I’m building a “job status” system that will allow users to see the status (and potentially results or errors) of long-running tasks that we execute via temporal.
Roughly, I’m thinking I’ll keep track of each customer’s jobs by saving the workflowId/runId to the database when a job is started.
In non-exceptional cases (a job completes successfully or a known error state occurs) I can easily write the success/failure status back to the database from within a final activity in temporal.
However, I’m struggling to find a way to capture WorkflowExecutionStatus for things like cancelled/terminated/timedout, or even exceptional failures (unless I wrap all of my workflows in try-catch).
Ideally I’d be able to always execute some callback when WorkflowExecutionStatus changes for specific workflow types.
If that doesn’t exist, the only other thing I can think of is creating a cron workflow that occasionally scans my database for “running” jobs and uses DescribeWorkflowExecution to query the WorkflowExecutionStatus and write it back to the database if it’s in a terminal state.
I would recommend not using termination and workflow timeouts for business-level features. For all other scenarios, you can write an interceptor that stores the status of a workflow in your DB.
Re: termination – I don’t use termination as part of the workflow, but am just trying to guard against edge cases such as, an engineer has to terminate a workflow via the temporal UI due to some unforeseen bug.

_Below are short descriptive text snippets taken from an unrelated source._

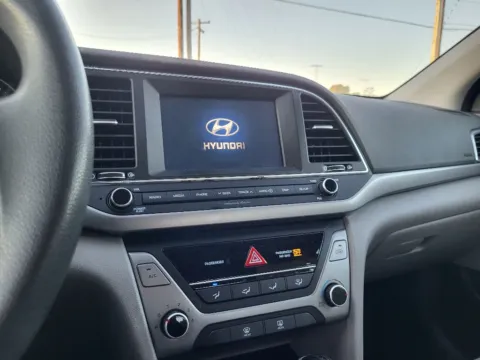 More photos of 2017 Hyundai Elantra SE at Dorsett Mitsubishi, IN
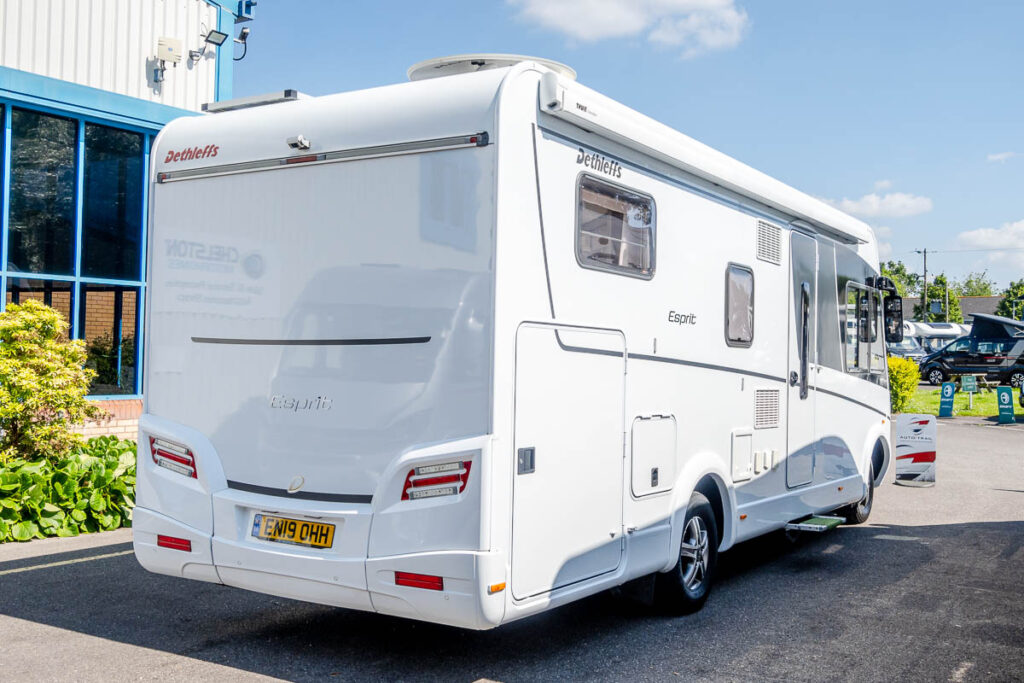 6F3B46 03 2019 Dethleffs EspritI7150EB EN19OHH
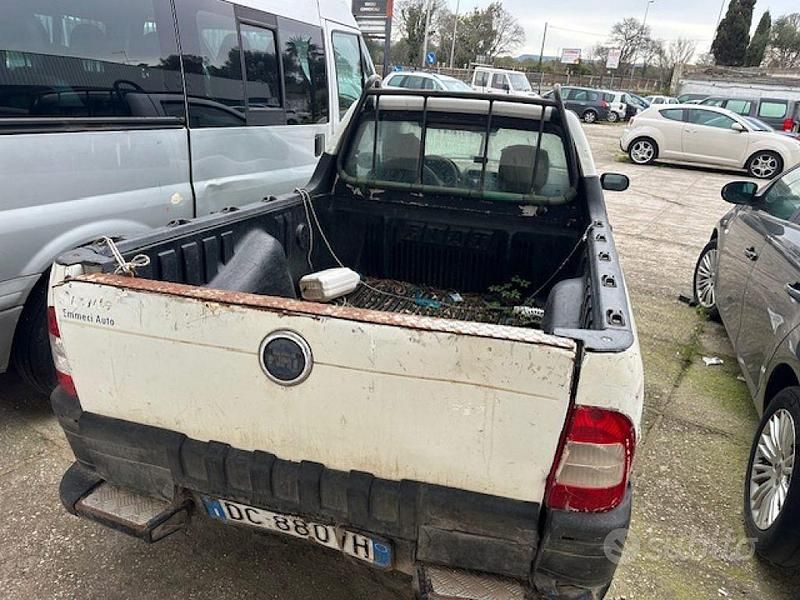 Usata Fiat Strada 84 CV (61 kW) 2006 Bianco Pick-up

In this case I’d like my job status system to eventually reflect that it was terminated.
Re: workflow timeouts – Do you also suggest not using activity timeouts? For some types of jobs it feels strange to allow infinite time. One example would be bulk importing data from an external system. I’ve seen cases where a connection to the external system hung, etc. Ideally we implement the workflow in a way that a connection timeout causes this not to be possible and throws an appropriate error that fails the workflow, but having a sensible activity timeout has saved me from having a workflow that runs forever previously.
For termination, you can also implement a process that updates the job status.
Do you also suggest not using activity timeouts?
No. You must use activity timeouts, as activities use retries to deal with failures. Timeouts are the only way to detect process crashes and other edge cases. So use as short as possible a StartToClose timeout and use heartbeating with a HeartbeatTimeout for activities that can take a long time.
Thanks again! Last question (I think) – which interceptor method should I implement to handle workflow cancellation due to activity timeout / no more activity retries?
Any workflow failure is reported as an exception. So, the interceptor would need to handle the exception from the main workflow method. Implement WorkflowInboundCallsInterceptor.execute for this.
In the typescript SDK, is it possible to get runId from the handle returned by client.start()? I see firstExecutionRunId is available but not runId. Perhaps my question is irrelevant and they will always be the same upon client.start()?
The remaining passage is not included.